Vita femina.—To see the ultimate beauties in a work—all knowledge and good-will is not enough; it requires the rarest, good chance for the veil of clouds to move for once from the summits, and for the sun to shine on them. We must not only stand at precisely the right place to see this, our very soul itself must have pulled away the veil from its heights, and must be in need of an external expression and simile, so as to have a hold and remain master of itself. All these, however, are so rarely united at the same time that I am inclined to believe that the highest summit of all that is good, be it work, deed, man, or nature, has hitherto remained for most people, and even for the best, as something concealed and shrouded:—that, however, which unveils itself to us, unveils itself to us but once.
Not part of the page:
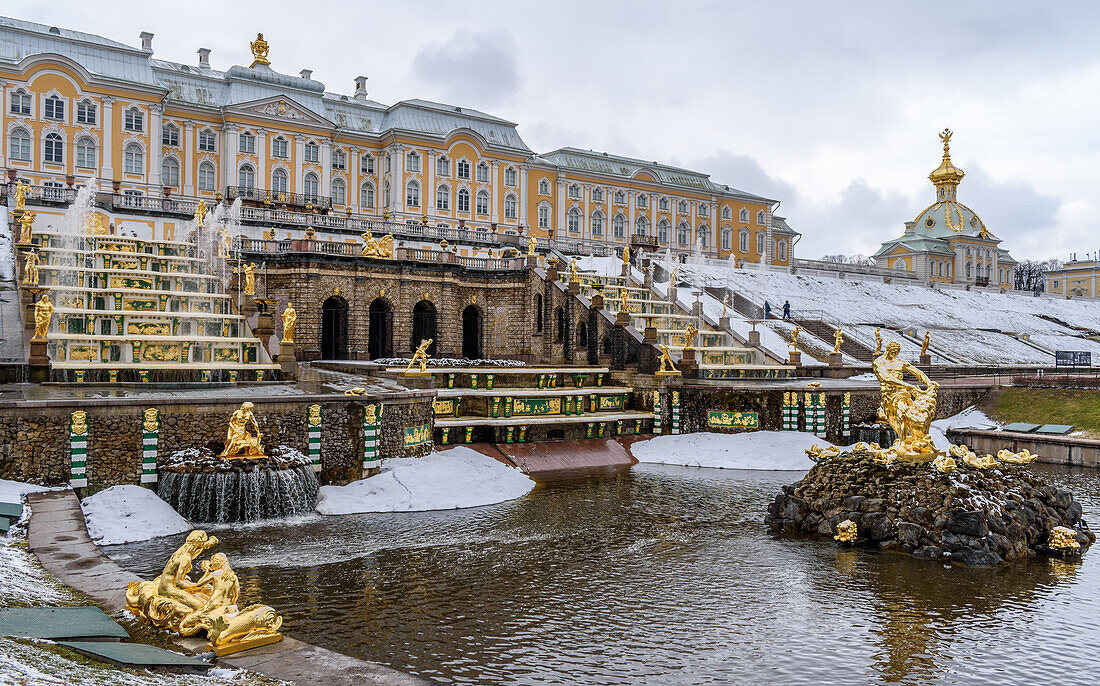 Die Fassade des Peterhofer Sommerpalastes der Romanow-Zaren, Springbrunnen in den Gärten und stilles klares Wasser, leichter Schnee auf Formschnittbüschen.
The Greeks indeed prayed: "Twice and thrice, everything beautiful!" Ah, they had their good reason to call on the Gods, for ungodly actuality does not furnish us with the beautiful at all, or only does so once! I mean to say that the world is overfull of beautiful things, but it is nevertheless poor, very poor, in beautiful moments, and in the unveiling of those beautiful things. But perhaps this is the greatest charm of life: it puts a gold-embroidered veil of lovely potentialities over itself, promising, resisting, modest, mocking, sympathetic, seductive. Yes, life is a woman!

340.

The Dying Socrates.—-I admire the courage and wisdom of Socrates in all that he did, said—and did not say. This mocking and amorous demon and rat-catcher of Athens, who made the most insolent youths tremble and sob, was not only the wisest babbler that has ever lived, but was just as great in his silence. I would that he had also been silent in the last moment of his life,—perhaps he might then have belonged to a still higher order of intellects. Whether it was death, or the poison, or piety, or wickedness—something or other loosened his tongue at that moment, and he said: "O Crito, I owe a cock to Asclepios." For him who has ears, this ludicrous and terrible "last word" implies: "O Crito, life is a long sickness!" Is it possible! A man like him, who had lived cheerfully and to all appearance as a soldier,—was a pessimist! He had merely put on a good demeanour towards life, and had all along concealed his ultimate judgment, his profoundest sentiment! Socrates, Socrates had suffered from life! And he also took his revenge for it—with that veiled, fearful, pious, and blasphemous phrase! Had even a Socrates to revenge himself? Was there a grain too little of magnanimity in his superabundant virtue? Ah, my friends! We must surpass even the Greeks!